Hukuman pidana diyakini tidak akan mampu menghentikan fenomena itu. Buktinya, meletus lagi tragedi. Seorang taruna Akademi Kepolisian (Akpol) ditemukan tewas secara tidak wajar di gedung Akpol, Semarang. Tubuh korban penuh luka lebam. Kuat dugaan, luka itu akibat kekerasan fisik.
Di Kabupaten Gresik, enam siswa MTs dan santri pondok pesantren tewas saat mengikuti kegiatan outbound yang diselenggarakan sekolah. Nyawa para remaja melayang dalam kubangan bekas tambang kapur. Mereka celaka justru menjelang wisuda. Orang tua mana yang tidak cemas? Maksud hati ingin mengamankan anak di tempat yang tepercaya, apalah daya justru kehilangan buah hati tercinta. Alangkah malangnya.
Seolah-olah ”payung wiyata” yang seharusnya mengayomi anak-anak didik berbalik menjadi ancaman. Kekerasan menyeruak dalam berbagai bentuk. Dari perundungan ( bullying), pencabulan, pedofilia, tawuran, kecelakaan, sampai pembunuhan. Pelakunya bisa siapa saja. Teman, kakak kelas, senior, bahkan guru. Terjadinya di mana dan kapan saja.
Namun, benarkah sudah mencemaskan lembaga pendidikan kita? Mutu lembaga pendidikan tecermin paling tidak dari dua hal. Pertama, kemampuannya dalam mengantarkan anakanak didik untuk sukses di kehidupan. Artinya, berkontribusi bagus bagi masa depan generasi. Kedua, besarnya dukungan dan kepercayaan masyarakat. Lembaga pendidikan itu tepercaya sebagai penyemai benih-benih budi pekerti nan luhur. Penegak moral yang andal.
Tentu tak patut pesimistis. Terlalu naif pula mengabaikan peran begitu banyak lembaga pendidikan dengan sumbangsih yang tak ternilai. Tidak sedikit lembaga pendidikan dasar, menengah, hingga tinggi yang telah terbukti melahirkan generasi unggul.
Justru kita patut cemas. Jangan-jangan fenomena kekerasan masif dalam lembaga pendidikan itu merupakan cermin situasi bangsa. Bagaimana dalam beberapa waktu terakhir wacana kekerasan sangat mengemuka. Dunia maya bagai ”rimba belantara”. Dunia nyata penuh hujatan serta caci dan cela.
Diskursus kebencian begitu meninggi.
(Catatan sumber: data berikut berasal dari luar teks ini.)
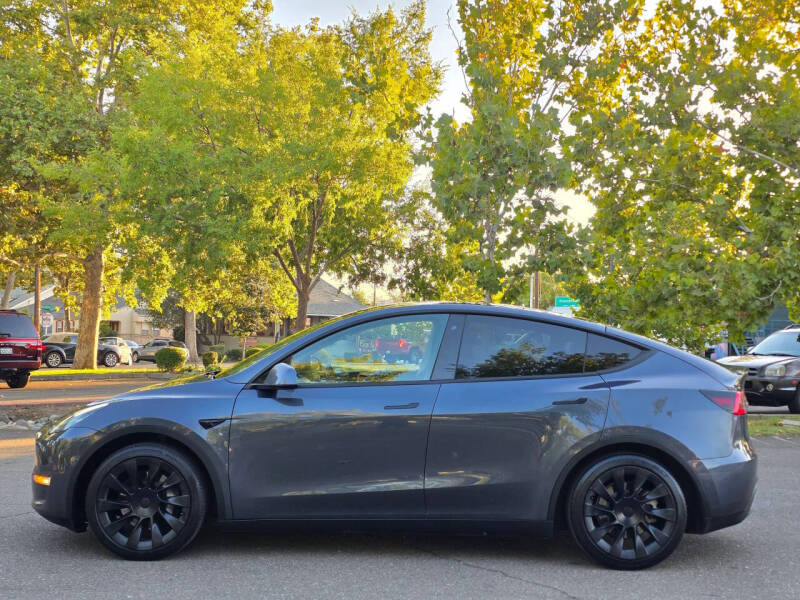 2020 Tesla Model Y Long Range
Politik menerabas nilai-nilai religi. Para penebar wacana menerjang semua pembatas yang puluhan tahun lalu dibangun para bapak bangsa. Bahkan, negara seakan tidak mampu lagi membendung deras gelombangnya. Kita perlu ingat. Bagaimana kondisi pendidikan, kira-kira begitulah kondisi negara.